Repito hasta la saciedad que es un proyecto suyo y solo suyo, pero me muero de ilusión por saber que pude dejar algo aquí que seguirá su curso cuando yo me vaya. Y de la universidad me llevo eso. Iba a decir que “solo” eso, por duro que suene, pero sería mentir. También me llevo las horas junto al Profesor Freddy, quien me pidió que le ayudara a organizar las XII Jornadas Universitarias de Desarrollo Científico de la carrera pero, sobre todo, con quien tengo la suerte de compartir a veces el rato del almuerzo.
Pablo, el camarero de la terraza donde solemos comer, que se aprendió mi nombre desde el primer día, nos sirve siempre con una sonrisa. Y así, entre quesadillas y el plato del día, Freddy me habla de los años en los que participó en la revolución, de cuando fue preso político y de lo que opina de la construcción del canal en Nicaragua. También me grita por los pasillos de la coordinación llamándome con un apodo peculiar, con el honor que eso supone, pues he descubierto que solo pone motes a quienes aprecia, aunque sea un poquito.
Tampoco puedo terminar esta evaluación de lo que he vivido aquí sin hablar de Jesús, con quien he compartido esta aventura desde el minuto uno y a quien le debo noches de consuelo en la terraza, risas desesperadas al borde del la lagrimita por lo surrealista que llega a ser nuestro día a día, algún que otro roce por pasar más tiempo juntos que Zipi y Zape y, sobre todo, una empatía brutal.

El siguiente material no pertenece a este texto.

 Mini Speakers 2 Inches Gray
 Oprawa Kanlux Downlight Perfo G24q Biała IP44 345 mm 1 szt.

La suerte que hemos tenido de poder compartir esto juntos es evidente, y creo que en muchas ocasiones afrontar esto sola lo habría hecho mucho más difícil de lo que ya está siendo. Pero también, y esto es algo que hablamos a diario, ha sido una pequeña limitación para ambos. Seguimos siendo el pack de dos, la pareja de españoles que llegaron “a hacer algo a la UNAN”, que no se sabe muy bien si son estudiantes, profesores o qué, y que como siempre van juntos, no deben sentirse muy solos. Craso error. Quizá nuestro, por no haber sabido mostrar a los demás que sí nos sentimos solos y que sí hubiéramos necesitado que alguien nos sacara de casa de vez en cuando a tomarnos unas Toñas (la cerveza de aquí).

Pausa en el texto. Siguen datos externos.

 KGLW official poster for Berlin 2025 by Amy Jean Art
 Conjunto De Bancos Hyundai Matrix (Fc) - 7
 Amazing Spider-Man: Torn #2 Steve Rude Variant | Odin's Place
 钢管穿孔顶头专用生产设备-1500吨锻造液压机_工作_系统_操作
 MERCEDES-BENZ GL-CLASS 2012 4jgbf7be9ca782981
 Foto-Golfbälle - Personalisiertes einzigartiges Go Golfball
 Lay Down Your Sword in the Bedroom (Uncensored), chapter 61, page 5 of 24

Salvando lo ya resaltado, no ha sido una buena experiencia la vivida en la universidad. Me atrevo a decirlo con esa contundencia porque a veces siento que la paciencia roza su límite y la mía hace tiempo que da prórrogas. Hace apenas tres días llegamos Jesús y yo a casa (vivimos en una casa de protocolo de la UNAN) y nos encontramos con que su habitación ya no era su habitación. Habían sacado todas sus cosas, las habían movido a otro cuarto –con la luz rota y cuatro camas apiladas unas encima de otras– y habían construido en ella cuatro literas. Ocho camas, para ocho chicas del equipo de fútbol femenino de la universidad.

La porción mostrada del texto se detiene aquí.